As part of the School of Social Sciences Seminar Series, the Department of Sociology and SWOP are hosting a collaborative conversation on Doing Research Otherwise.
23 October 2025, 1pm – 3pm, Seminar Room 251, 2nd Floor, Robert Sobukwe Building
RSVP: gladys.zwane@wits.ac.za
Online link: tinyurl.com/SoSSseminar
Conversation outline
Fees Must Fall brought forward ways of framing change in the university centred around questions of decommodification and decolonisation. This was tied to a critique of practices of knowledge production. In reflecting on ten years since the 2015-2016 student and worker movement, in a collaborative conversation hosted by the Department of Sociology and SWOP, we ask the question; what does it mean to do research otherwise?

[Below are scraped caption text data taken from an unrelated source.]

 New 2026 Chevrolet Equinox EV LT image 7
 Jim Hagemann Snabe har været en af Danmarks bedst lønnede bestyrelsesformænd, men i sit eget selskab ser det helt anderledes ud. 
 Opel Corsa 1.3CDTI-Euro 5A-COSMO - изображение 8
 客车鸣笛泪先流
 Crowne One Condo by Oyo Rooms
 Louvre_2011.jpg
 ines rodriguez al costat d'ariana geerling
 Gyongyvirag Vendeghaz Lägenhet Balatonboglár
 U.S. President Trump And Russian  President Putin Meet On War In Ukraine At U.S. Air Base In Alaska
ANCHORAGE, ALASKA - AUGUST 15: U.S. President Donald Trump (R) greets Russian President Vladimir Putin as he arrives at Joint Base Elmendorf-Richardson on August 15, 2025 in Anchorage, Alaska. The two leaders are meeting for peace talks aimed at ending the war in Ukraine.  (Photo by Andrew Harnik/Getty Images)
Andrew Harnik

To research otherwise is to embrace otherness and difference, to cultivate forms of being-with that respond to community, and to imagine futures that exceed disciplinary bounds. It is to frame questions from the margins, to resist the coloniality of research, and to take seriously the demands of solidarity, alterity, and collective becoming. We do not approach this discussion as a case study of past events, but as a reflection on how struggles against the neoliberal and colonial university have always been entangled in wider local and global processes of change.

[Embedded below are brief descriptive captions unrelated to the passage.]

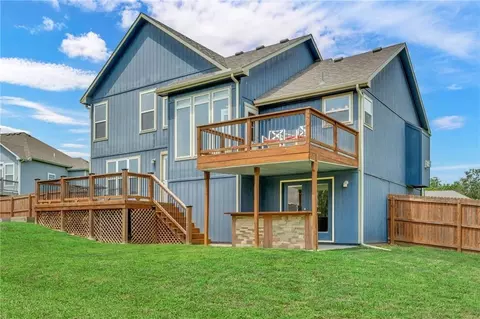 Exterior - 16631 Ruby Ct, Basehor, KS 66007 photo 13 of 13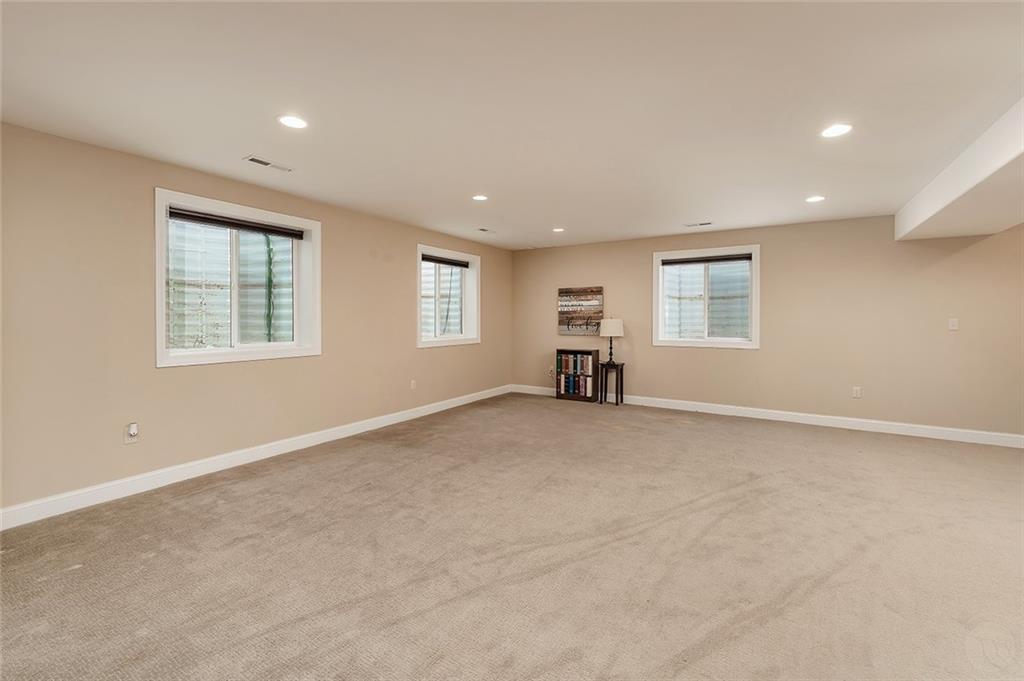2924 Golden Acres Drive Property Photo 21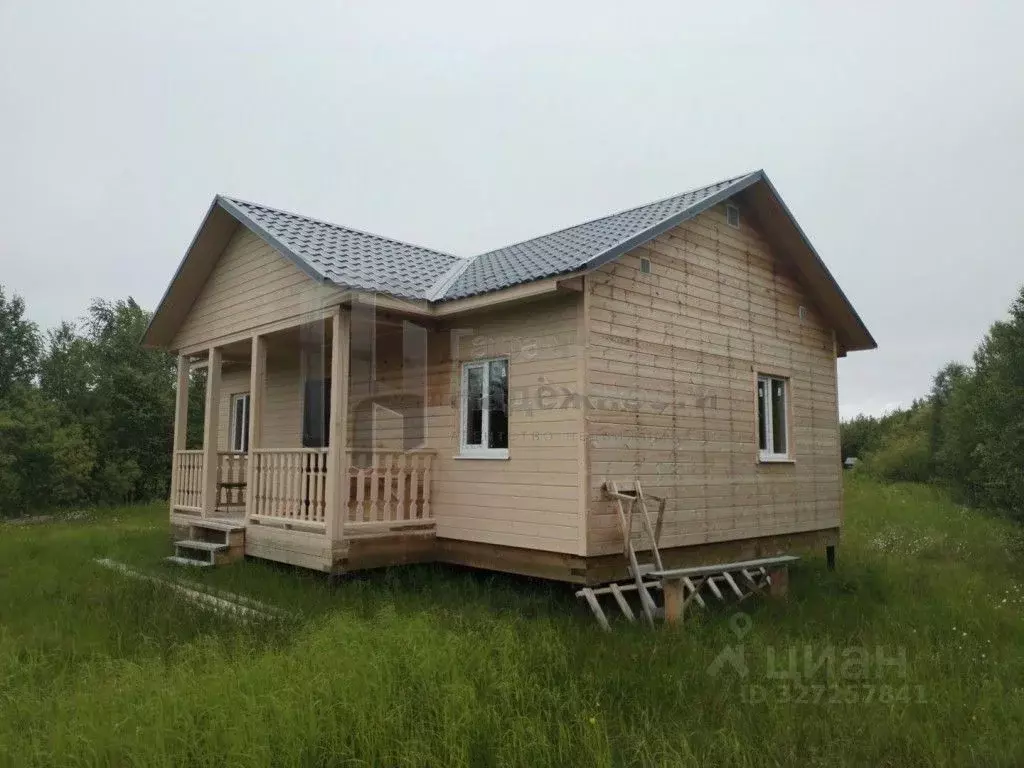 Дом в Мурманская область, Кольский муниципальный округ, Мурмаши пгт  ... - Фото 2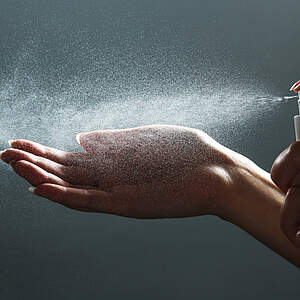 Spray pour désinfecter les mains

By the 2000s, debates at Wits had already turned to the neoliberal restructuring of the university and questions of transformation. Within this context, sociological research foregrounded the Black worker as an agent of change. With Fees Must Fall, a new language of community was forged—one that recognised workers not only as employees but also through familial relations. This register opened a vision of community that stretched beyond contractual ties and institutional boundaries, offering glimpses of what it might mean to research, imagine, and become otherwise.